La “teología política” de Metz concuerda con las tesis del teólogo protestante alemán Wolfhart Pannenberg, según el cual la resurrección de Cristo fue un acontecimiento histórico que tuvo lugar en las afueras de Jerusalén, tres días después de su ejecución en el Gólgota. Según Pannenberg, Dios manifiesta “su divinidad con este lenguaje de hechos”. Se trata de “una revelación histórica que está abierta a todo el que tenga ojos para ver”. Dios puede “irrumpir en el curso de su creación e iniciar en ella acontecimientos nuevos de manera impredecible”. Dios “desbordó todo lo imaginable” cuando resucitó a Jesús de los muertos. Y lo hizo de forma objetiva, concreta, ante testigos, no de un modo simbólico o figurado: “Si la tradición de las apariciones y la tradición del sepulcro vacío surgieron de forma independiente, su carácter mutuamente complementario hace que la afirmación de la realidad de la resurrección de Jesús… aparezca como muy probable históricamente, y eso en la investigación histórica significa siempre que se ha de presuponer mientras no se demuestre lo contrario”.
Metz advierte que el cristianismo no debe ser la religión del bienestar, sino la última esperanza de los humillados y ofendidos. El seguimiento nunca es cómodo. El mensaje cristiano es una historia de salvación que choca con la perspectiva estrecha de lo inmediato. La santidad consiste en clamar contra el fatalismo que niega un futuro a los vivos y a los muertos, condenándolos al “oleaje de una evolución anónima”. La fe es una ruptura con la muerte en la historia; rescata al hombre de un destino natural indiferente. La resurrección de Jesús es un signo de esperanza que proclama la posibilidad de revertir el curso de la historia y lanzarlo en otra dirección. Su sufrimiento solidario y vicario en la Cruz fructifica en una promesa de libertad, emancipación, justicia y felicidad. El cristiano se arriesga al poner su confianza en Dios, pero solo de ese modo puede “participar en un cambio activo del mundo que sea expresión del amor divino”. La fe no es una experiencia íntima y privada, sino una “espera creativa” (Moltmann) que entra en conflicto con el devenir histórico para contribuir en la realización de las promesas escatológicas de Dios. “Nosotros somos los obreros que edifican este porvenir y no sus meros intérpretes”, escribe Metz.

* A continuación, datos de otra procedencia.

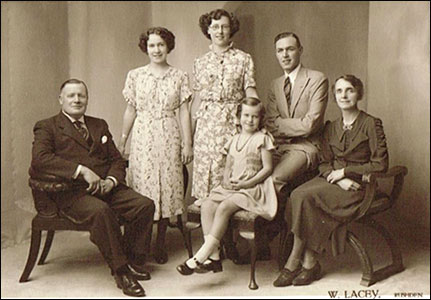 1938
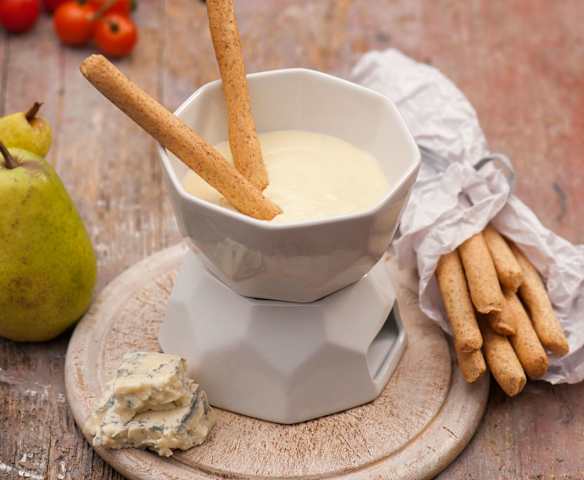 Fondue z serów pleśniowych z grissini i gruszkami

Presbítero y teólogo, Metz fue más allá de la fe católica. Habló para todos, recordando la necesidad de participar en la historia, de no ser espectadores pasivos de las tragedias. Sus libros son un testimonio de solidaridad y una ventana abierta a la esperanza. Pienso que la hora de la teología no ha pasado. La crisis de la religión cristiana tal vez procede de unas expectativas equivocadas. “La religión cristiana no está ahí para contestarnos a todas las preguntas –escribió Metz-, sino para que nos resulten inolvidables algunas preguntas incontestables”.